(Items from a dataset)
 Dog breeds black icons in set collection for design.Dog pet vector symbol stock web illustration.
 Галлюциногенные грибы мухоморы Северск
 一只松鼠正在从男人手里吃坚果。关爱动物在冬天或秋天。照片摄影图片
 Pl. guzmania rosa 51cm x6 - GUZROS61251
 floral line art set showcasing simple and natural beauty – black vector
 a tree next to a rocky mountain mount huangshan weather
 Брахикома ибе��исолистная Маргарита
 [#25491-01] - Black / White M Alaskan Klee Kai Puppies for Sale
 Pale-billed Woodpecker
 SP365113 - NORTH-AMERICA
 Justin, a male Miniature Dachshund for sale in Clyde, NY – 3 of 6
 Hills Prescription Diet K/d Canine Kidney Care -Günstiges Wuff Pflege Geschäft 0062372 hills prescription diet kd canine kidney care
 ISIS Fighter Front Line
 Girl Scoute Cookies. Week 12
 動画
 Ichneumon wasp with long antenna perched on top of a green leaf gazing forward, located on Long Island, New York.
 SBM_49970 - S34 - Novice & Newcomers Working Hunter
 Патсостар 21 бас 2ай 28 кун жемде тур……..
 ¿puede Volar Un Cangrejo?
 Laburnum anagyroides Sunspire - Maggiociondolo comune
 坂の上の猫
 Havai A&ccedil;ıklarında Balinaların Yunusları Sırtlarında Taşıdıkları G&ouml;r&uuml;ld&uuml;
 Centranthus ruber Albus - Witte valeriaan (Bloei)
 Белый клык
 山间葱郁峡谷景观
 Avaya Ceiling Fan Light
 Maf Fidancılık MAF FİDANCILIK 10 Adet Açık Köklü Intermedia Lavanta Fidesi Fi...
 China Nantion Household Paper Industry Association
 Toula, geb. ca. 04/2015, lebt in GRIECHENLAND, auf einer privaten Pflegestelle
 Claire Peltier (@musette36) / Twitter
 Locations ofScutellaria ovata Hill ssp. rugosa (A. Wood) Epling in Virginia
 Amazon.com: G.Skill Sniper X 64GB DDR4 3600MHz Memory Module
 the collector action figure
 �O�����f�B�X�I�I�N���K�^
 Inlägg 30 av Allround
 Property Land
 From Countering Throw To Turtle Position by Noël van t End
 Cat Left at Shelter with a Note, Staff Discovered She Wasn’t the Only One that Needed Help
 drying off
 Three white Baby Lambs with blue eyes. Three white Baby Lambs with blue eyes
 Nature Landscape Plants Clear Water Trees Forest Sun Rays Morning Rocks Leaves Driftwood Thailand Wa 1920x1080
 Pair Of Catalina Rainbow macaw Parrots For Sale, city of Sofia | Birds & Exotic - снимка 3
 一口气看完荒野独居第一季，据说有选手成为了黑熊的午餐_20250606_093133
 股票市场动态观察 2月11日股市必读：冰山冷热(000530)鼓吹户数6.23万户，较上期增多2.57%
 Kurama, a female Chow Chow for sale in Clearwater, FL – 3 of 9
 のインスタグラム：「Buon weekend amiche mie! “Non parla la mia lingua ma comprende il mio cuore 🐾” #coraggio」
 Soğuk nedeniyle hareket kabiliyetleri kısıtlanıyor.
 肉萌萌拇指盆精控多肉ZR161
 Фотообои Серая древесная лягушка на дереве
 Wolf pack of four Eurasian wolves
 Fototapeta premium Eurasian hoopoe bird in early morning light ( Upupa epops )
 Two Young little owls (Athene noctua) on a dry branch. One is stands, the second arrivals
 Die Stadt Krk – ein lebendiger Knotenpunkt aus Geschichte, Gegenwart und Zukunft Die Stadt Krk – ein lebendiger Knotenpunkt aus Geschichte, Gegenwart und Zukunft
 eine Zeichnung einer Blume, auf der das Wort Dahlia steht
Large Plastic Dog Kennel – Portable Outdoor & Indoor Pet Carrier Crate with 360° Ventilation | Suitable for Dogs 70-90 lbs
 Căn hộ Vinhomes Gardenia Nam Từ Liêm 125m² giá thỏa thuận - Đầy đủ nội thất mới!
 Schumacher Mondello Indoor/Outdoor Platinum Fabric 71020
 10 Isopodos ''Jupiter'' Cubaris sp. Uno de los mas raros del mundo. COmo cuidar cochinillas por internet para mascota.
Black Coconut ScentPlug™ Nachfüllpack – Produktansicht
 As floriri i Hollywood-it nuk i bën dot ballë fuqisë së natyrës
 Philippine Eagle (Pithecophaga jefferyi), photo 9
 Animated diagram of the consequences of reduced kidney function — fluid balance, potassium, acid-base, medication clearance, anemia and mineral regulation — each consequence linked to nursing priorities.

__WHAT YOU ARE ASKED TO DO__:
Please quote every record above exactly as it appears.

__EXPECTED ANSWER__:
 Dog breeds black icons in set collection for design.Dog pet vector symbol stock web illustration.
 Галлюциногенные грибы мухоморы Северск
 一只松鼠正在从男人手里吃坚果。关爱动物在冬天或秋天。照片摄影图片
 Pl. guzmania rosa 51cm x6 - GUZROS61251
 floral line art set showcasing simple and natural beauty – black vector
 a tree next to a rocky mountain mount huangshan weather
 Брахикома ибе��исолистная Маргарита
 [#25491-01] - Black / White M Alaskan Klee Kai Puppies for Sale
 Pale-billed Woodpecker
 SP365113 - NORTH-AMERICA
 Justin, a male Miniature Dachshund for sale in Clyde, NY – 3 of 6
 Hills Prescription Diet K/d Canine Kidney Care -Günstiges Wuff Pflege Geschäft 0062372 hills prescription diet kd canine kidney care
 ISIS Fighter Front Line
 Girl Scoute Cookies. Week 12
 動画
 Ichneumon wasp with long antenna perched on top of a green leaf gazing forward, located on Long Island, New York.
 SBM_49970 - S34 - Novice & Newcomers Working Hunter
 Патсостар 21 бас 2ай 28 кун жемде тур……..
 ¿puede Volar Un Cangrejo?
 Laburnum anagyroides Sunspire - Maggiociondolo comune
 坂の上の猫
 Havai A&ccedil;ıklarında Balinaların Yunusları Sırtlarında Taşıdıkları G&ouml;r&uuml;ld&uuml;
 Centranthus ruber Albus - Witte valeriaan (Bloei)
 Белый клык
 山间葱郁峡谷景观
 Avaya Ceiling Fan Light
 Maf Fidancılık MAF FİDANCILIK 10 Adet Açık Köklü Intermedia Lavanta Fidesi Fi...
 China Nantion Household Paper Industry Association
 Toula, geb. ca. 04/2015, lebt in GRIECHENLAND, auf einer privaten Pflegestelle
 Claire Peltier (@musette36) / Twitter
 Locations ofScutellaria ovata Hill ssp. rugosa (A. Wood) Epling in Virginia
 Amazon.com: G.Skill Sniper X 64GB DDR4 3600MHz Memory Module
 the collector action figure
 �O�����f�B�X�I�I�N���K�^
 Inlägg 30 av Allround
 Property Land
 From Countering Throw To Turtle Position by Noël van t End
 Cat Left at Shelter with a Note, Staff Discovered She Wasn’t the Only One that Needed Help
 drying off
 Three white Baby Lambs with blue eyes. Three white Baby Lambs with blue eyes
 Nature Landscape Plants Clear Water Trees Forest Sun Rays Morning Rocks Leaves Driftwood Thailand Wa 1920x1080
 Pair Of Catalina Rainbow macaw Parrots For Sale, city of Sofia | Birds & Exotic - снимка 3
 一口气看完荒野独居第一季，据说有选手成为了黑熊的午餐_20250606_093133
 股票市场动态观察 2月11日股市必读：冰山冷热(000530)鼓吹户数6.23万户，较上期增多2.57%
 Kurama, a female Chow Chow for sale in Clearwater, FL – 3 of 9
 のインスタグラム：「Buon weekend amiche mie! “Non parla la mia lingua ma comprende il mio cuore 🐾” #coraggio」
 Soğuk nedeniyle hareket kabiliyetleri kısıtlanıyor.
 肉萌萌拇指盆精控多肉ZR161
 Фотообои Серая древесная лягушка на дереве
 Wolf pack of four Eurasian wolves
 Fototapeta premium Eurasian hoopoe bird in early morning light ( Upupa epops )
 Two Young little owls (Athene noctua) on a dry branch. One is stands, the second arrivals
 Die Stadt Krk – ein lebendiger Knotenpunkt aus Geschichte, Gegenwart und Zukunft Die Stadt Krk – ein lebendiger Knotenpunkt aus Geschichte, Gegenwart und Zukunft
 eine Zeichnung einer Blume, auf der das Wort Dahlia steht
Large Plastic Dog Kennel – Portable Outdoor & Indoor Pet Carrier Crate with 360° Ventilation | Suitable for Dogs 70-90 lbs
 Căn hộ Vinhomes Gardenia Nam Từ Liêm 125m² giá thỏa thuận - Đầy đủ nội thất mới!
 Schumacher Mondello Indoor/Outdoor Platinum Fabric 71020
 10 Isopodos ''Jupiter'' Cubaris sp. Uno de los mas raros del mundo. COmo cuidar cochinillas por internet para mascota.
Black Coconut ScentPlug™ Nachfüllpack – Produktansicht
 As floriri i Hollywood-it nuk i bën dot ballë fuqisë së natyrës
 Philippine Eagle (Pithecophaga jefferyi), photo 9
 Animated diagram of the consequences of reduced kidney function — fluid balance, potassium, acid-base, medication clearance, anemia and mineral regulation — each consequence linked to nursing priorities.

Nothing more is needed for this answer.